The consistency of the effect on recombination in exposed males on both the outbred CD-1 and inbred C3H background is striking and suggests that estrogens induce genome-wide epigenetic changes. Notably, our exposure window coincides with the end of the epigenetic reprogramming period in the male germline [66], raising the possibility that estrogenic exposure disrupts remethylation of the SSC genome. If this is indeed the case, the period of vulnerability during which estrogens can act to affect the SSC may be extensive; global demethylation of the germline occurs during migration and after colonization of the testis [67] and reprogramming follows immediately, with an extensive period of DNA remethylation that, in the mouse, extends from approximately 14.5 dpc to several days after birth [6870]. Thus, to understand the risk posed by estrogenic exposure, it will be important in future studies to carefully delineate the developmental window during which the testis is vulnerable. In this regard, the fact that the B6 strain is not sensitive to the recombination effects of estrogenic exposure makes it a useful tool not only in understanding the epigenetic changes to the SSC that mediate the effect, but also in identifying individuals who will be most susceptible to the effects of environmental estrogens.

Sex-specific differences in meiotic effects

We previously reported that, in female mice, BPA exposure during fetal development results in an increase in synaptic defects and in MLH1 foci in pachytene stage oocytes [33]. Although we attempted to recapitulate in males the exposure window that induced meiotic effects in the female, the sex-specific differences are striking: In males, synaptic defects are not increased, and meiotic recombination levels are significantly reduced, not increased by exposure.
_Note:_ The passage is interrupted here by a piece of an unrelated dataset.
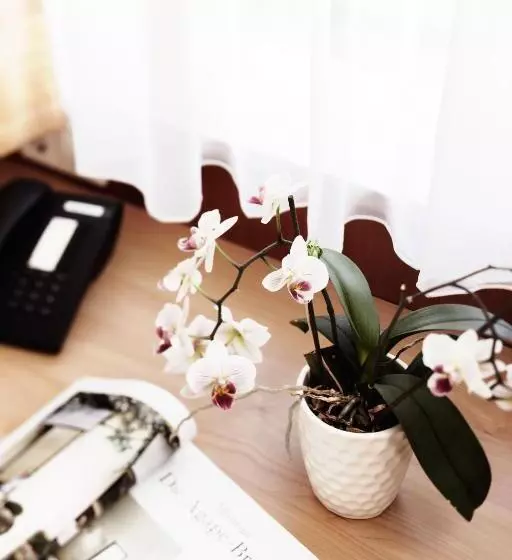 Отель Burgmeier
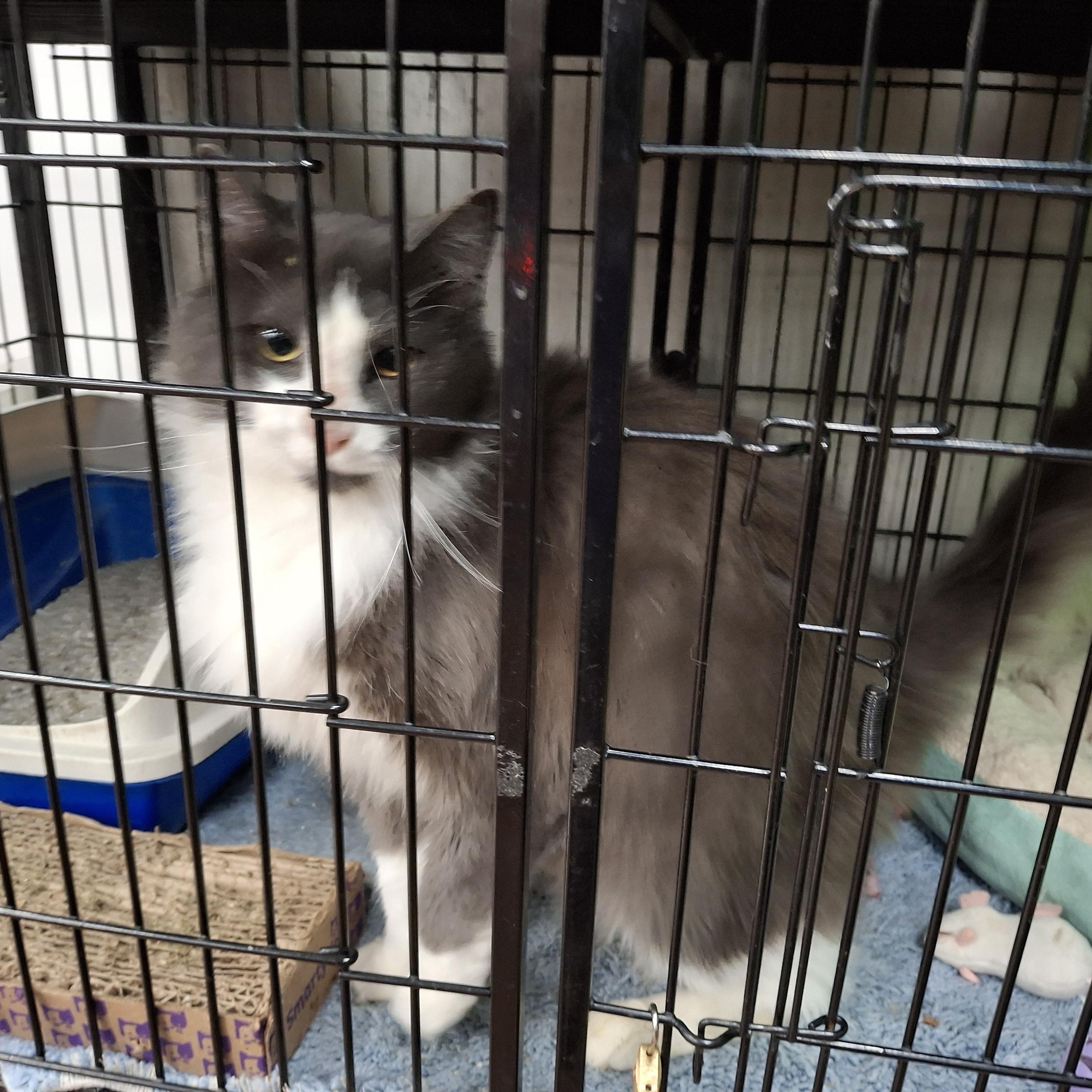 Frederick, a Adoptable Domestic Medium Hair in Bear, DE image 4/4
The mechanism of action also appears to be sex-specific. In females, BPA acts as an ER-beta antagonist, phenocopying the absence of ER-beta signaling [33]. In contrast, in the male, the effect is not confined to BPA and EE elicits a more severe reduction in recombination (Table 1), suggesting that meiotic effects in the male may be elicited by a variety of environmental estrogens. Importantly, however, in both sexes exposure can impact the entire reproductive lifespan of the individual, albeit for different reasons: All oocytes enter meiosis prenatally, and exposure coinciding with this period of germ cell development can impact the entire cohort of eggs, reducing the genetic quality of the eggs produced. In males, the current results suggest that perinatal exposure can induce permanent changes to the stem cell population of the testis, permanently changing recombination rates and reducing the number of cells that can successfully complete meiosis and give rise to viable sperm.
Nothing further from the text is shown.